(Aim of the task) Write out, word for word and with no pictures, each line below from the one containing "ネイル 大人キレイ 𝑁𝑖𝑥𝑖𝑠のネイルデザイン" through the one containing "Residences Ouadada Porto-Novo Exterior foto", both included, and no other line.

_ _ _ _

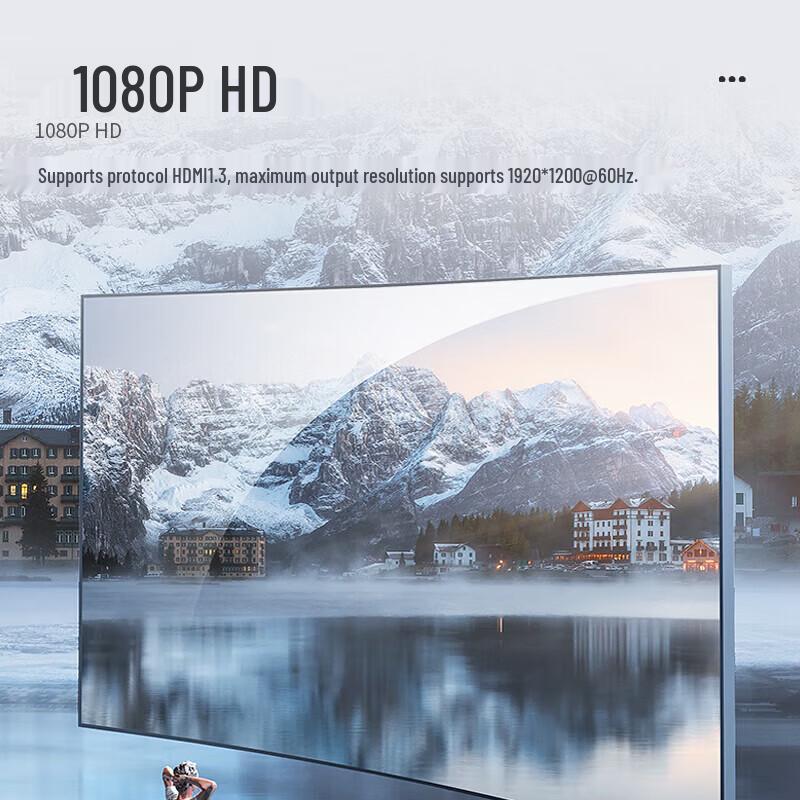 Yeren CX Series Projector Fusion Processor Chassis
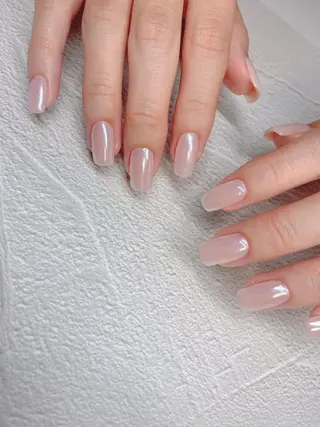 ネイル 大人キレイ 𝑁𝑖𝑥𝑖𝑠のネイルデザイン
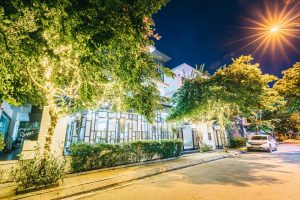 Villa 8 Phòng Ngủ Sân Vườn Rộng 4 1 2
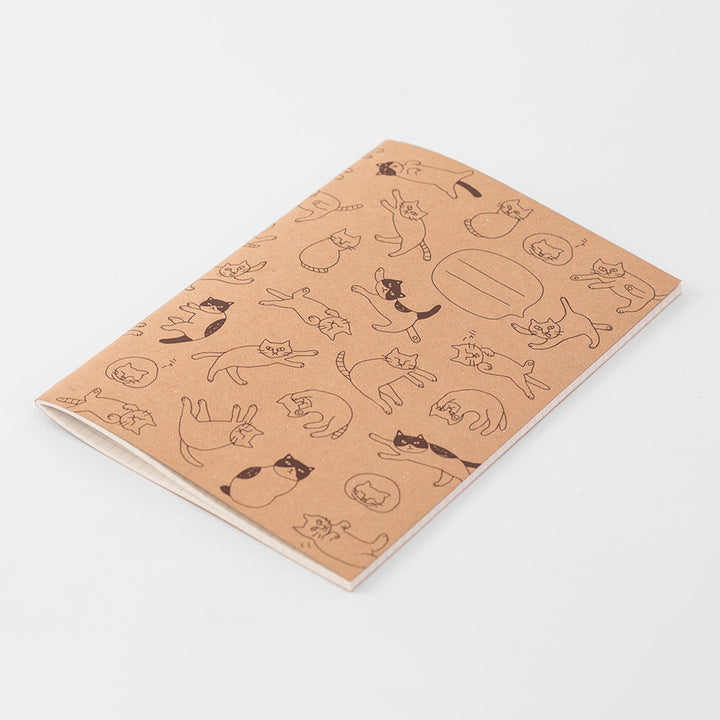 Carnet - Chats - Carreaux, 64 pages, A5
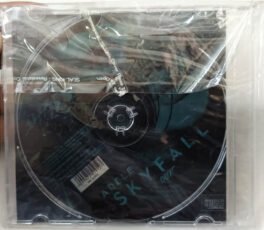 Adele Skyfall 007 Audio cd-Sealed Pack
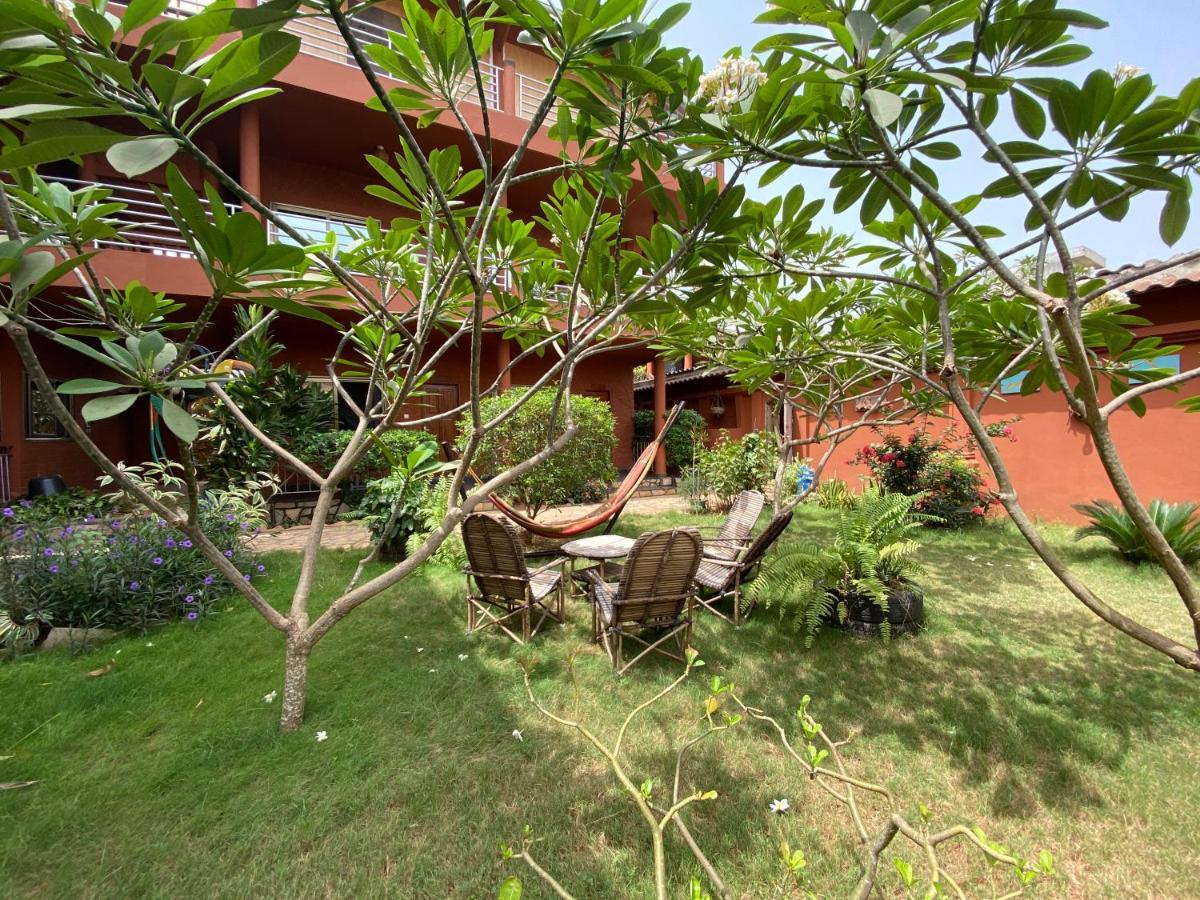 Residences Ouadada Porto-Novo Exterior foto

_ _ _ _

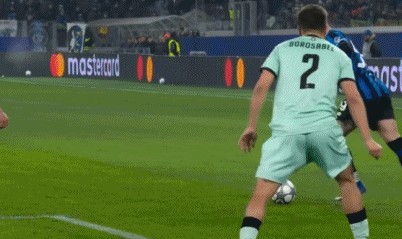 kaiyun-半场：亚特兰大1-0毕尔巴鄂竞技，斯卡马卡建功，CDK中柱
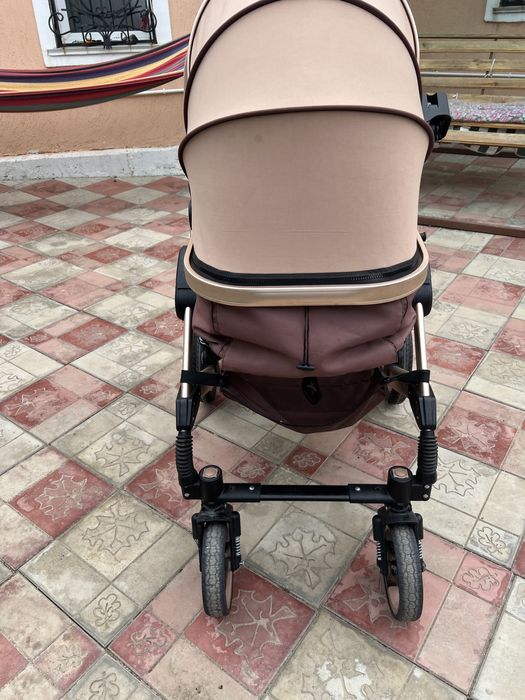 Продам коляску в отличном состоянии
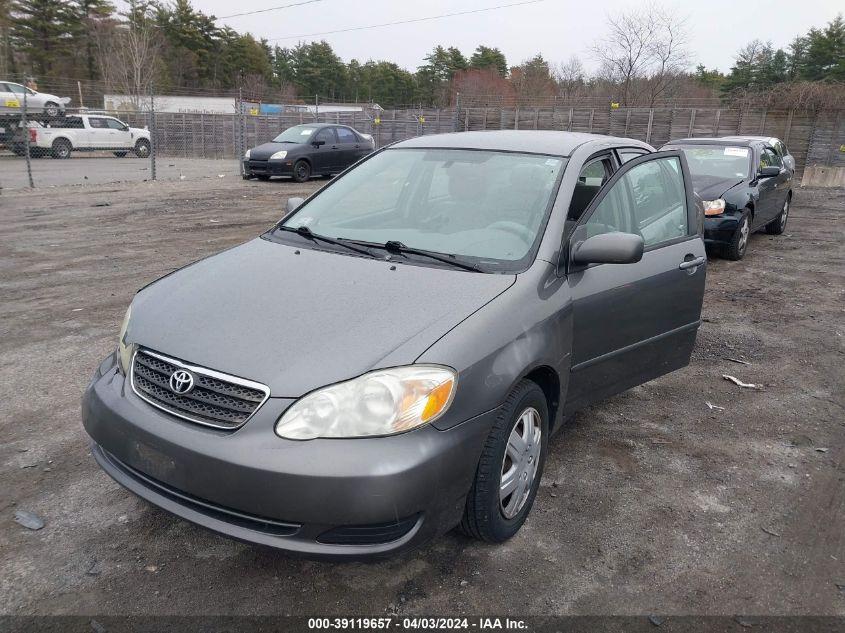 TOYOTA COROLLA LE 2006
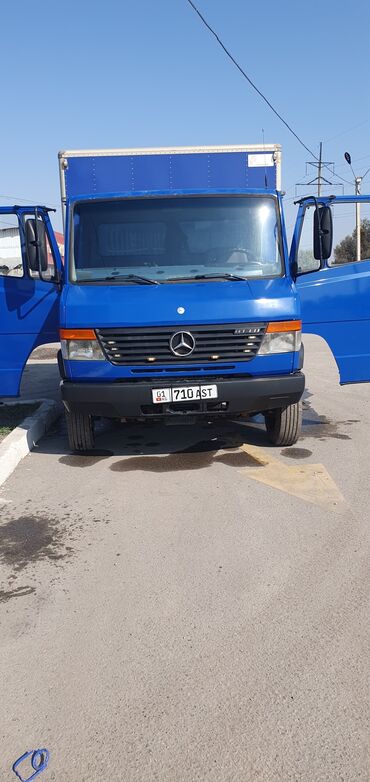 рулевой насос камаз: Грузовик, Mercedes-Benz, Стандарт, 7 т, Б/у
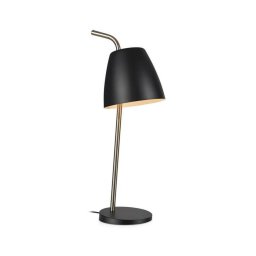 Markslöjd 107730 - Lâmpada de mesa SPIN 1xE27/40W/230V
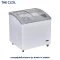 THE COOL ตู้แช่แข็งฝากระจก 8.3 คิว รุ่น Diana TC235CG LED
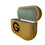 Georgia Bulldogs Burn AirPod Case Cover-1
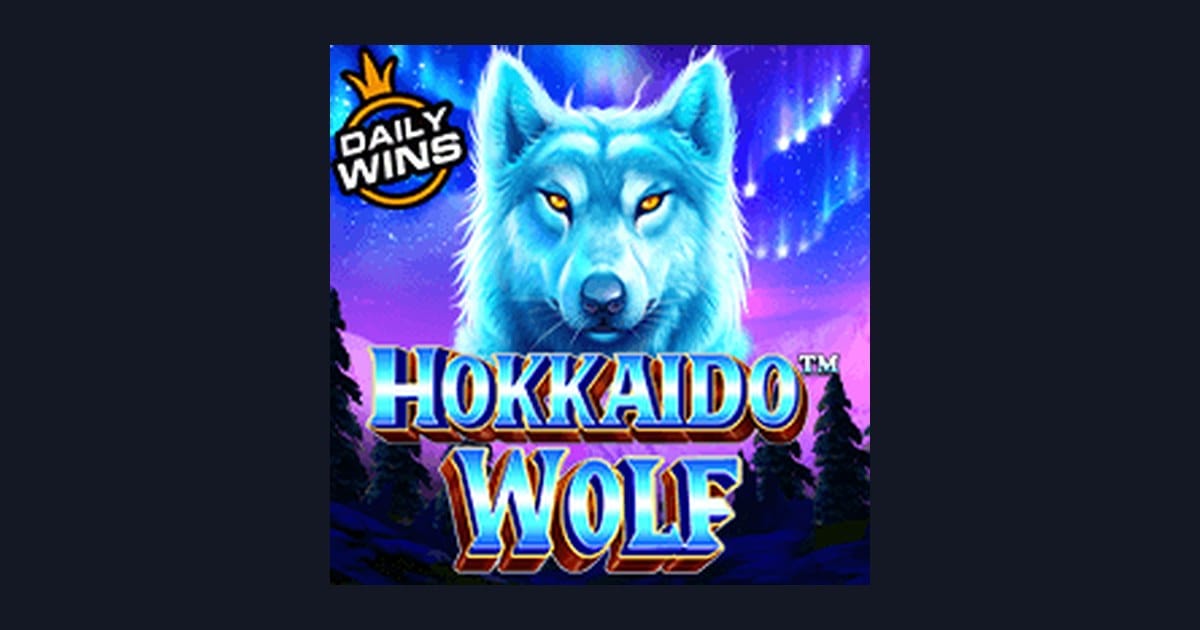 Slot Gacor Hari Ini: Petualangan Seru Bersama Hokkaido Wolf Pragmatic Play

_ _ _ _

(Output)
 ネイル 大人キレイ 𝑁𝑖𝑥𝑖𝑠のネイルデザイン
 Villa 8 Phòng Ngủ Sân Vườn Rộng 4 1 2
 Carnet - Chats - Carreaux, 64 pages, A5
 Adele Skyfall 007 Audio cd-Sealed Pack
 Residences Ouadada Porto-Novo Exterior foto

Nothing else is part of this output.